[Work instruction] From the line with "Carte postale ancienne Gimel - L'Eglise" through the line with "Converted ESTATE FIND", inclusive, return each line of the data below exactly and leave the rest out.

===== Extracted data =====

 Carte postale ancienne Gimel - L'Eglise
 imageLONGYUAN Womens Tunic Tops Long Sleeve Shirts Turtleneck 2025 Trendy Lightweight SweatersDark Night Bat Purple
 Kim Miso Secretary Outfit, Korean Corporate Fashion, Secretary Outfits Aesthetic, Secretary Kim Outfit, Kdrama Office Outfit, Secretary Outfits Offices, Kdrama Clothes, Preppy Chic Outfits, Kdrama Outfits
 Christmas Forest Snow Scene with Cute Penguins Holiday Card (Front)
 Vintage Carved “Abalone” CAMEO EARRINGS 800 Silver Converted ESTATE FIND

=====
===== Extracted data =====

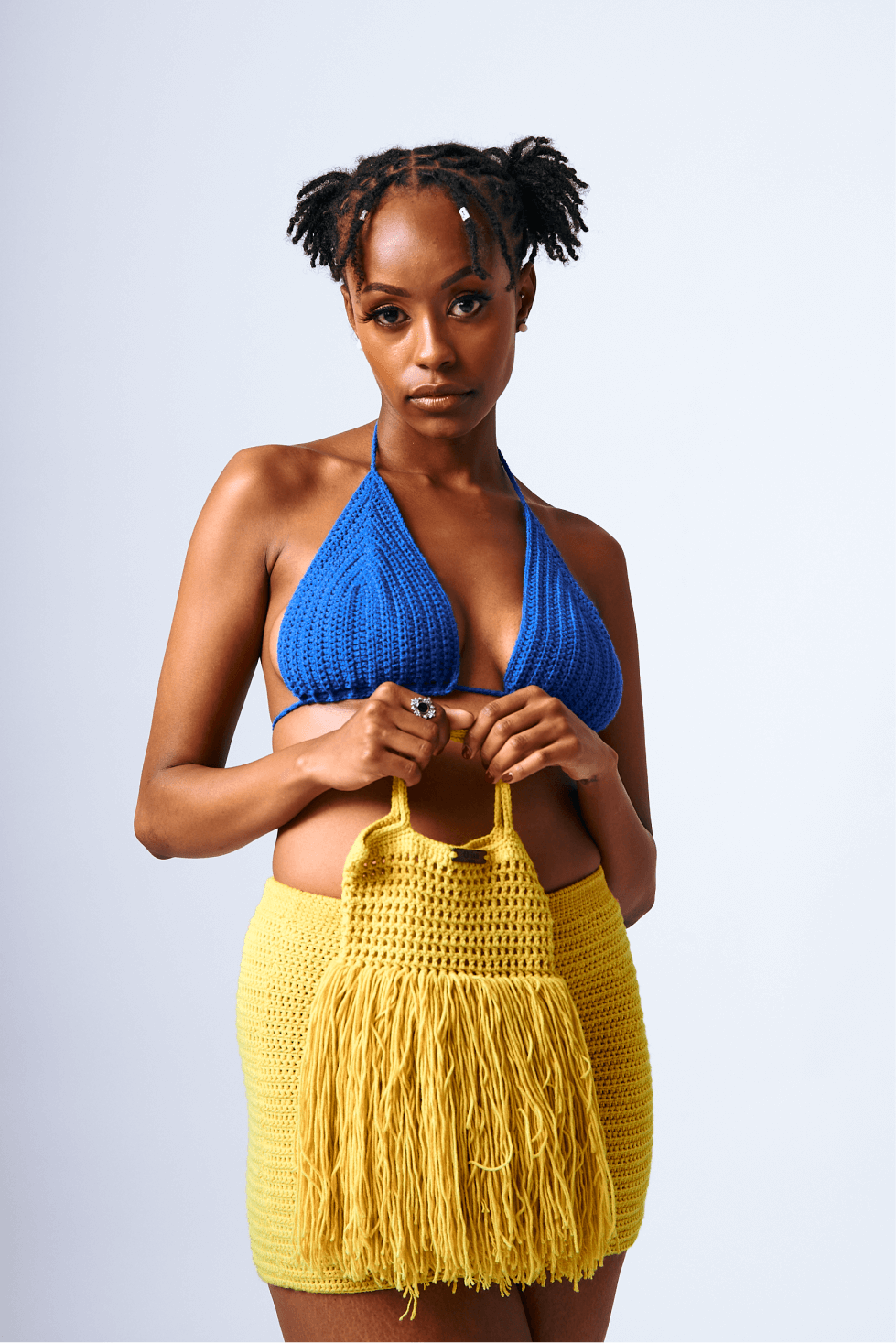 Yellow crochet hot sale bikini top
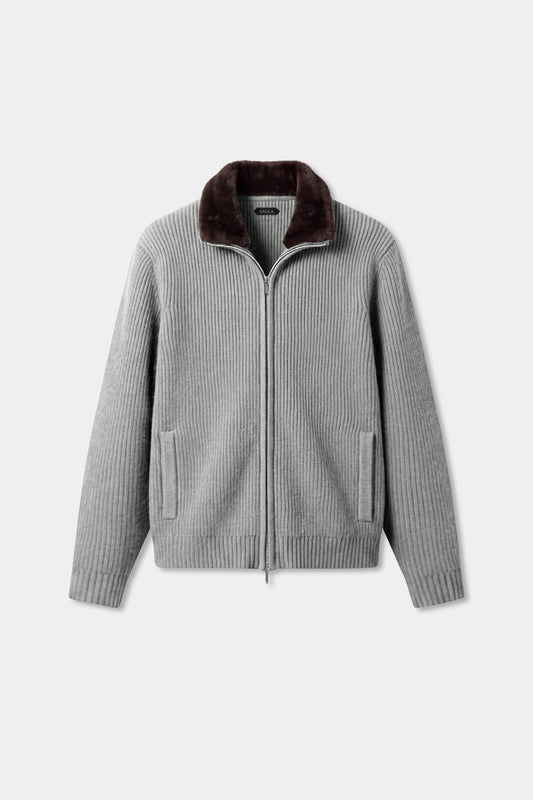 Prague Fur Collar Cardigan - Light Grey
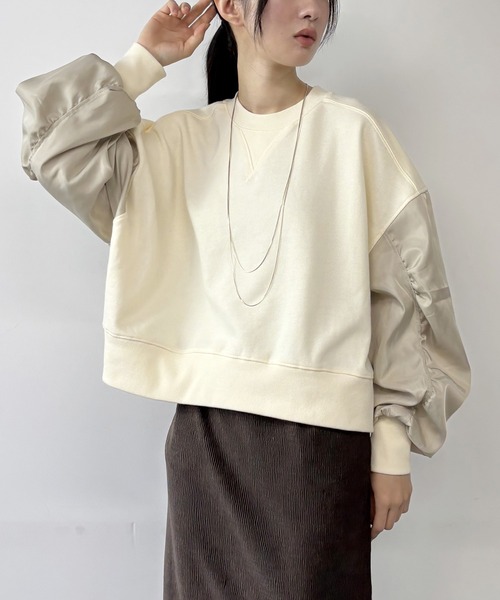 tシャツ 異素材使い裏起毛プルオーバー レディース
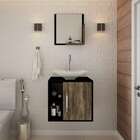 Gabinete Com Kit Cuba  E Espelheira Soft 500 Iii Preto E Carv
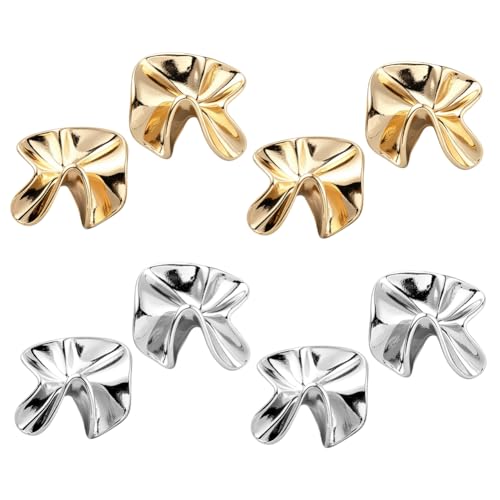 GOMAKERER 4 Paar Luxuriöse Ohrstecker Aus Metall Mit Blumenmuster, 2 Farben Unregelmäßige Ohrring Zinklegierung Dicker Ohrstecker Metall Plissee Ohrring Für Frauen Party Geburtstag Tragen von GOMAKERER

=====
===== Extracted data =====

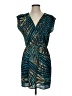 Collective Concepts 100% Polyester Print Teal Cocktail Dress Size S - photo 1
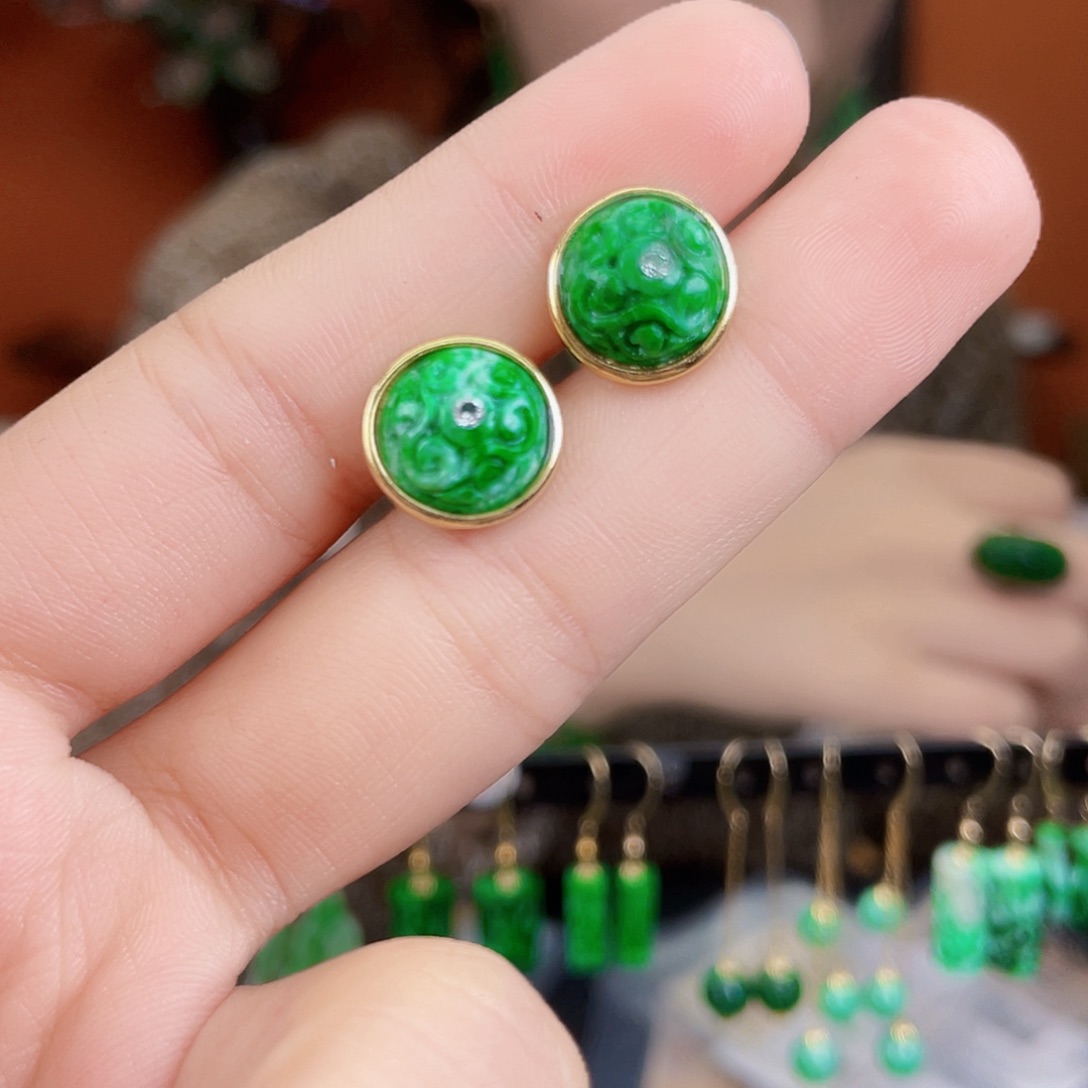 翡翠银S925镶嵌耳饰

=====

[Finished exercise]
 Carte postale ancienne Gimel - L'Eglise
 imageLONGYUAN Womens Tunic Tops Long Sleeve Shirts Turtleneck 2025 Trendy Lightweight SweatersDark Night Bat Purple
 Kim Miso Secretary Outfit, Korean Corporate Fashion, Secretary Outfits Aesthetic, Secretary Kim Outfit, Kdrama Office Outfit, Secretary Outfits Offices, Kdrama Clothes, Preppy Chic Outfits, Kdrama Outfits
 Christmas Forest Snow Scene with Cute Penguins Holiday Card (Front)
 Vintage Carved “Abalone” CAMEO EARRINGS 800 Silver Converted ESTATE FIND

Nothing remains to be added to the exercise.